WMT Stock Surged on E-commerce, Business Improvements
Walmart has not changed as much as management would like you to think. Many will take issue with that statement, mainly because of its relatively new e-commerce segment. Admittedly, this omnichannel segment renewed investor interest in WMT stock. As a result, shares now trade at a forward price-to-earnings (P/E) ratio of 22.5.
To be sure, traders had become overly pessimistic about the Walmart stock price in the middle of this decade. At the time, an attitude that Amazon (NASDAQ:AMZN) would “take over retail” gripped Wall Street. Investors treated WMT stock as if it were the next Sears Holdings (OTCMKTS:SHLDQ) or JCPenney (NYSE:JCP).
In fairness, same-store sales also saw improvements during this time. Moreover, the current CEO has shown more interest in addressing worker complaints than his predecessors. It may not bring comfort to customers that one of the gripes involved “hygiene,” but management has begun to respond to these issues.
Many of Walmart’s Core Problems Remain
Nonetheless, challenges remain. As our own James Brumley mentioned, e-commerce losses now surpass $1 billion per year, despite e-commerce sales growing by 37% during the last quarter. Mr. Brumley argued that overall profits more than compensate for this loss. He also believes that investors should give Walmart stock the kind of latitude to succeed once granted to Amazon.
However, e-commerce only made up 1.4% of sales, and overall growth remains modest. Revenue only grew by 1% in the previous quarter. Furthermore, over the past five years, profits increased by an average of 0.29% per year. Analysts believe they will now grow by 3.69% per year over the next five years. An improvement, yes, but does that truly justify 22.5-times forward earnings?
Moreover, Walmart still suffers from saturation at home and an inability to gain traction abroad. Many remember high-profile failures in places such as Germany and Brazil. Its modest store count more than 20 years after it became one of the first retailers to enter China also does not inspire confidence. Much of the international focus has switched to Flipkart, its e-commerce company in India. However, our own Vince Martin thinks Flipkart caused the aforementioned $1 billion-plus e-commerce losses.
TGT Stock Offers Higher Growth at a Lower Cost
Additionally, investors can choose more reasonably-priced alternatives, one of which is archrival Target. TGT stock trades at a much lower 13.8-times forward earnings.

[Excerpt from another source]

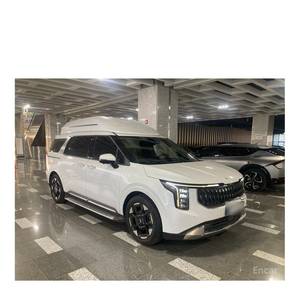 Kia Carnival 9 places essence Hi-Lux Van 2024, 44 230 km, boîte automatique, sièges en cuir, caméra de recul, pour conducteurs gauchers - Product Image 3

Also, its dividend yield of 3% comes in well ahead of Walmart’s return of under 1.9%.
Further, despite not having a presence outside of the U.S., Wall Street predicts average annual growth of 8.35% per year over the next five years. This comes in at more than double Walmart’s expected increases in earnings.
Both Home Depot (NYSE:HD) and Lowe’s (NYSE:LOW) have found growth avenues despite negligible store growth. Perhaps Walmart can do the same. However, until it can either grow internationally or at home, I see little reason to buy Walmart stock right now.
Final Thoughts on Walmart Stock
Given high valuations and low growth, paying 22.5 times earnings for Walmart stock makes little sense. Walmart has excited Wall Street with omnichannel retailing. It has also found a way to increase same-store sales, and the company has made more of an effort to improve its image.
Nonetheless, growth remains meager. And it faces ongoing struggles with saturation at home and an inability to connect with consumers outside of North America. Not to mention, investors can buy a lower-cost, faster-growing retail business in Target.
Until Walmart can lower its valuation or increase its overall revenue growth, investors should stay away from WMT stock.